The Spiritual Discipline of Inclusion

We need to remember that God’s nature is progressively revealed through the
Scriptures. So, when we read of things like God commanding kings to hurry into war, we must note that this speaks about how the writers of this story understood God, and not about how God actually is. With the greater revelation we have in Jesus, we now know that God does not take sides in war.

Josiah, who was one of the good kings of Judah, heard that the Egyptian king, Neco, was seeking to travel through Judah on the way to fight the Assyrians. Neco claimed
that God had spoken to him, and that Josiah must not oppose him. Whether Josiah had aligned himself with the Assyrians is not clear. What is clear is that Josiah, as would have been expected from a faithful Israelite, did not believe Neco’s claim of divine guidance.

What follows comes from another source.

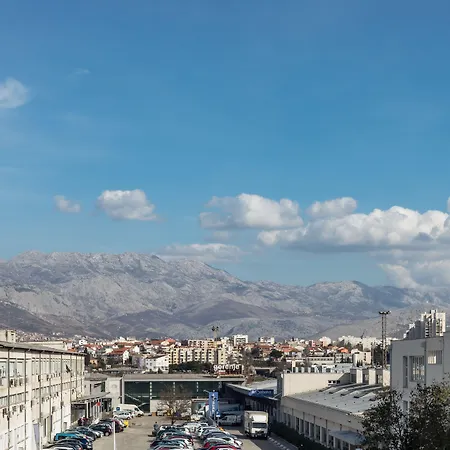 Hotel Mondo فندق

But the writer of this story tells us that Neco had indeed heard from God. For the first
readers of this story, who lived after the return from exile, the idea that God could speak to Gentiles would likely have been shocking, perhaps even offensive. Like the people in the synagogue in Nazareth, they would have been deeply challenged
by the inclusive implications of this story.

As Christians we can be tempted to adopt this same exclusive view of God – that God is “ours” and only speaks to us. Do you find seeds of this in your faith? How does this story challenge that idea for you?

One thing Jesus made clear is that God loves “the world” including all its peoples. Throughout the New Testament, whenever people forgot this and became exclusive in their faith, they were called to confess, repent, and turn to inclusive love. If there is any exclusivity in your faith, or your view of others, for any reason, consider confessing it, repenting of it, and turning to inclusive love today.

Forgive me, O God, when my love is exclusive, and teach me love inclusively, as you do.